Wa! Ningeningma arakba akina da! (Oh! Now I know, that’s it!)

K S Kylie Lee, Muriel J Jaragba, Alan R Clough and Katherine M Conigrave
Med J Aust 2008; 188 (2): 113-116. || doi: 10.5694/j.1326-5377.2008.tb01535.x
Published online: 21 January 2008

We previously reported persistently high rates of cannabis use in three Indigenous communities in Arnhem Land in the Northern Territory; in our longitudinal studies,1-3 72% of males and 23% of females aged 13–36 years were current users at baseline (2001).2 We also found that the prevalence of symptoms of anxiety and cannabis dependence increased with more frequent cannabis use, and we documented a heavy burden on community finances and health services.2,4

These reports informed changes in policies that featured policing strategies targeted at cannabis supply and associated problems in remote NT communities generally.5 However, the Indigenous communities we studied were not engaged in or aware of these wider strategic shifts. Indigenous researchers became alarmed at respondents’ reports of cannabis-related harms during interviews in 2005–2006 and expressed a desire to disseminate the research findings and describe their insights to the respondents, their families and the wider community. They envisaged that, through such a feedback process, their communities would become better informed about cannabis use and its consequences, and so would be able to make more informed choices about cannabis. Here, we report the approach we developed to providing feedback on research, the processes involved, and the implications.

Relevant literature

There is widespread endorsement for disseminating research results back to study communities,6,7 and for the importance of correcting power imbalances in research involving vulnerable populations such as Indigenous Australians.8 In the past 30 years, approaches to conveying research results to the Indigenous groups studied have progressed from no feedback (pre-1970s) to findings being used as an impetus for change (mid 1990s).9 Diverse methods for doing this have been described for a wide range of audiences.6,10 However, few studies provide specific practical guidelines, especially where language and cultural differences compound the difficulties faced. One NT study used locally understood concepts of “land, body and spirit” to disseminate adult mortality data.11 Another survey, of Aboriginal health workers in the NT and South Australia, identified preferences for pictorial representations of survey information.12 Pictorial representations of program outcomes were also used to convey findings about infant birthweight in three Aboriginal communities in the NT.13 However, there is a lack of detailed examination of the processes used to communicate epidemiological data in remote Indigenous Australia.

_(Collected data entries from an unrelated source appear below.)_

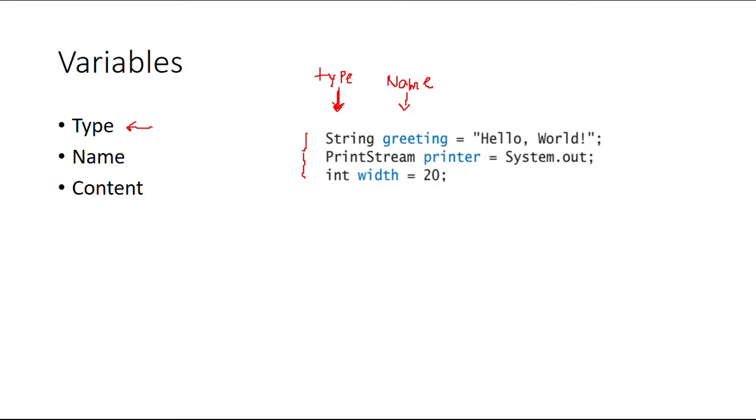Finally you're going to find the content. All of this is going to be the content. Now whenever you declare a variable, the first two are mandatory. Let me just use another color for telling you those are mandatory.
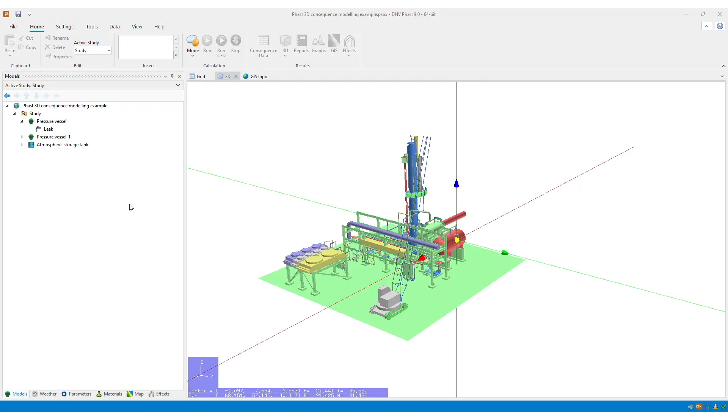Hi everyone! In this video, I am going to show you how to create a CFD dispersion source scenario from scratch.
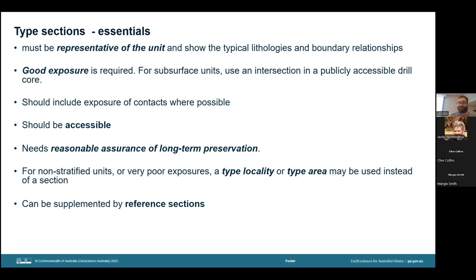Drill core type sections must be available for inspection by any geologist. There must additionally be reasonable assurance of long-term preservation — don't choose areas about to be submerged or covered over, mine or quarry faces that will be destroyed, or areas that will be built over. For non-stratified units, or for some very poor exposures of stratified units where there is no alternative, a type locality or type area has to be chosen instead of a section. Should the main type section not cover all aspects of the unit, supplementary reference sections may be set up.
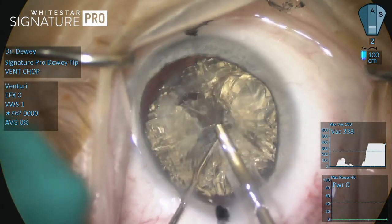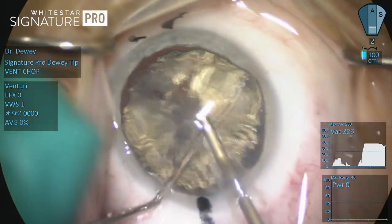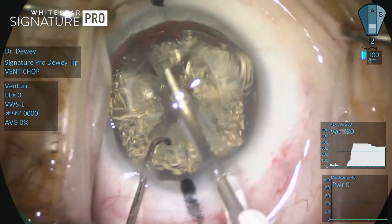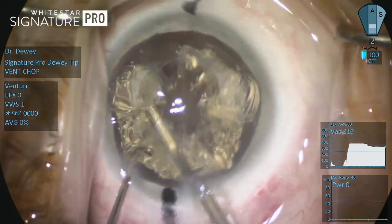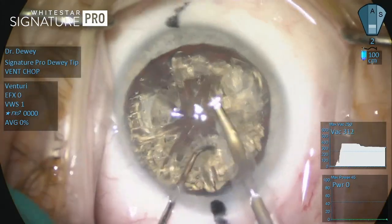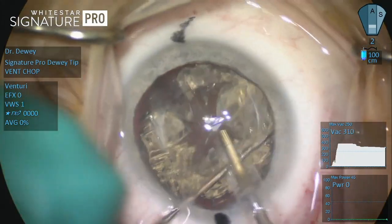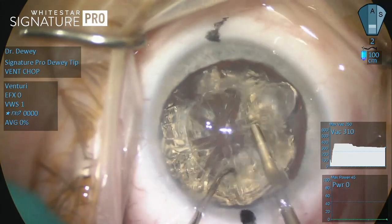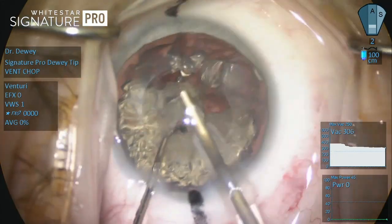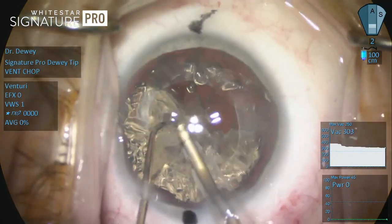Once the occlusion breaks, the distinction between the two vacuum systems becomes apparent. In peristaltic vacuum, the pump is controlled by sensors that detect the loss of occlusion and restores flow to the preset level.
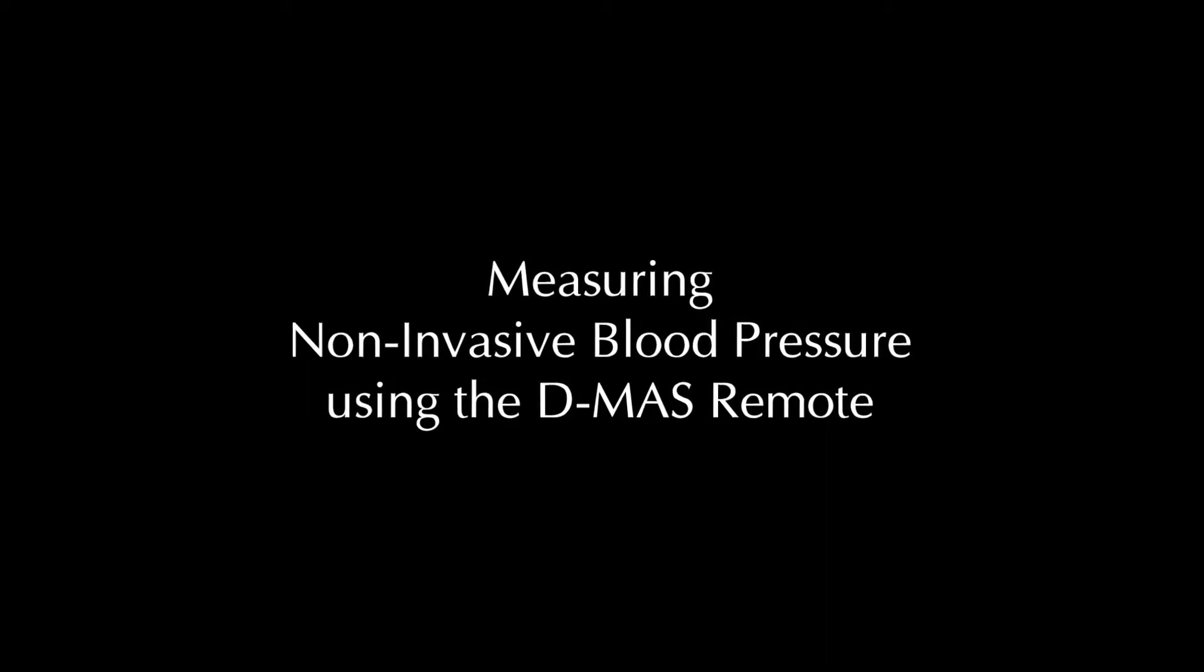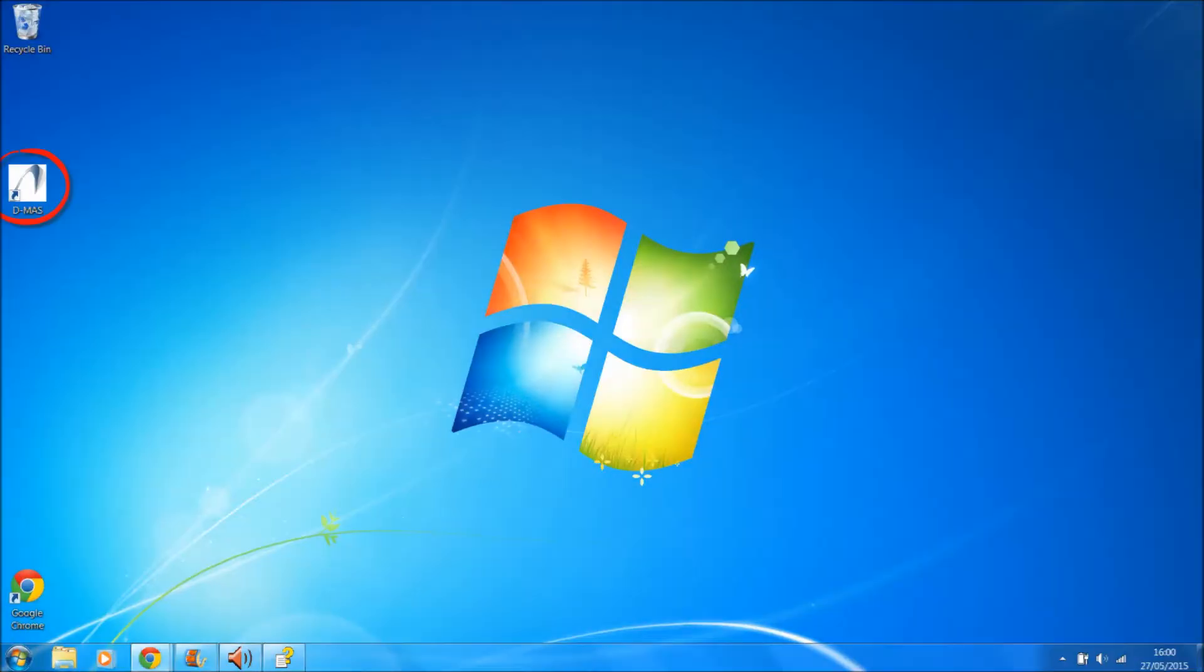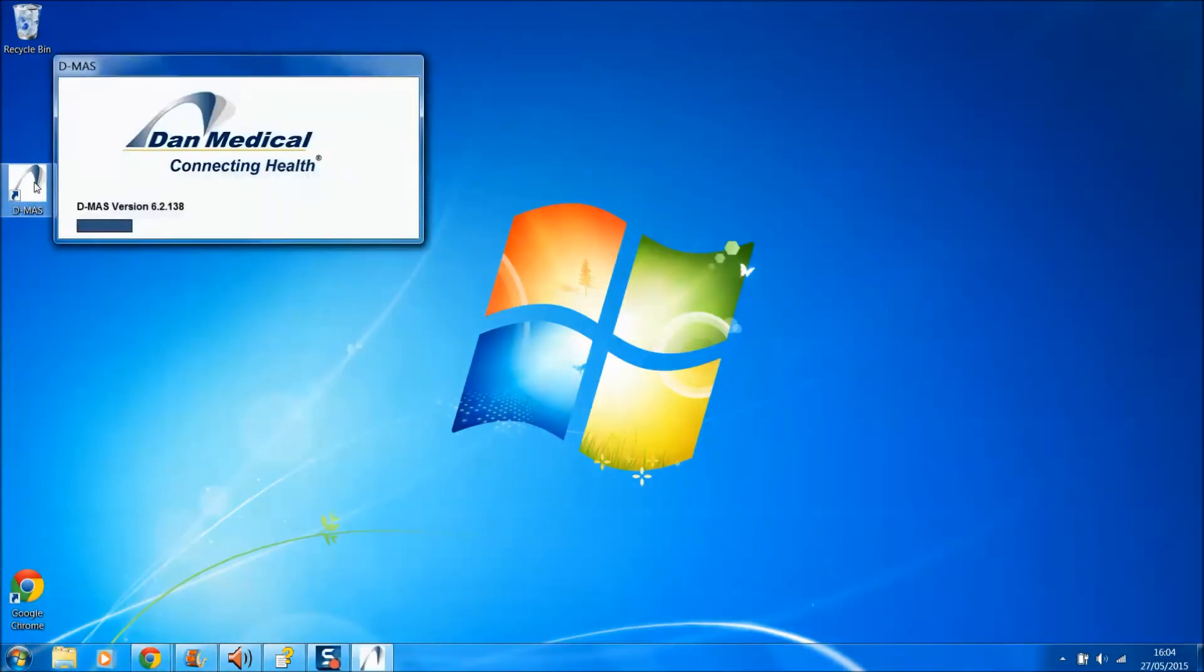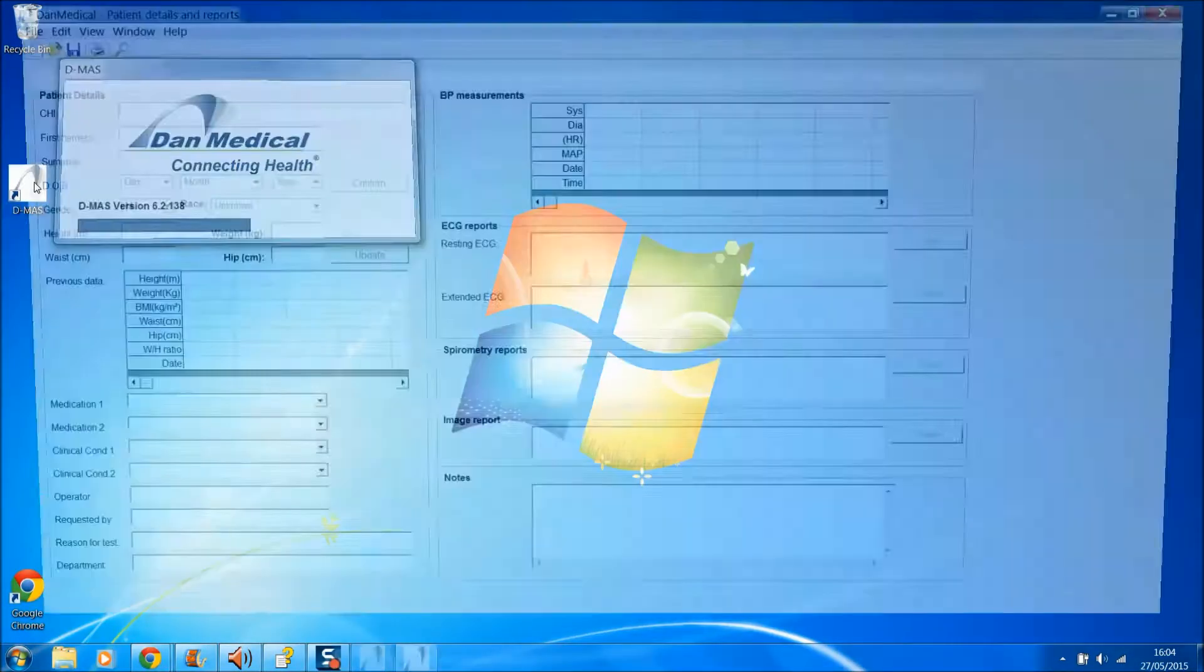This video shows measuring non-invasive blood pressure using the DMAS Remote. On the home screen, click on the DMAS logo to run the DMAS software.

The three study communities in Arnhem Land have been described in detail elsewhere.2 A single Indigenous language is spoken in these communities, and cultural concepts are generally intact. English is a second language; English language skills vary greatly, as does literacy in younger people.14 Our continuing studies of cannabis use3 are collaborative efforts between non-Indigenous and local Indigenous researchers. Commitment by Indigenous researchers to address cannabis-related harms in their communities since the late 1990s has been pivotal to achieving these research outcomes.

Our research feedback approach

Over 3 months in 2006, workshops were held with the Indigenous and non-Indigenous researchers. These aimed to develop a shared understanding about the levels of cannabis use and to design feedback resources suitable for community-wide dissemination. Indigenous researchers translated the research findings into their own cultural concepts and language.

Challenges emerged in translating concepts of numbers, quantities and the ages of participants. The local numbering system has specific terms only for numbers 1 to 10, so we used a denominator of 10 individuals to pictorially and verbally describe prevalence of cannabis use. We also learned that adjectives used to describe quantities of countable things (eg, a lot of houses) were always different from those used to describe quantities of uncountable things (eg, a lot of wind), and that the terms were not interchangeable. Appropriate words were identified to qualitatively describe levels of cannabis use.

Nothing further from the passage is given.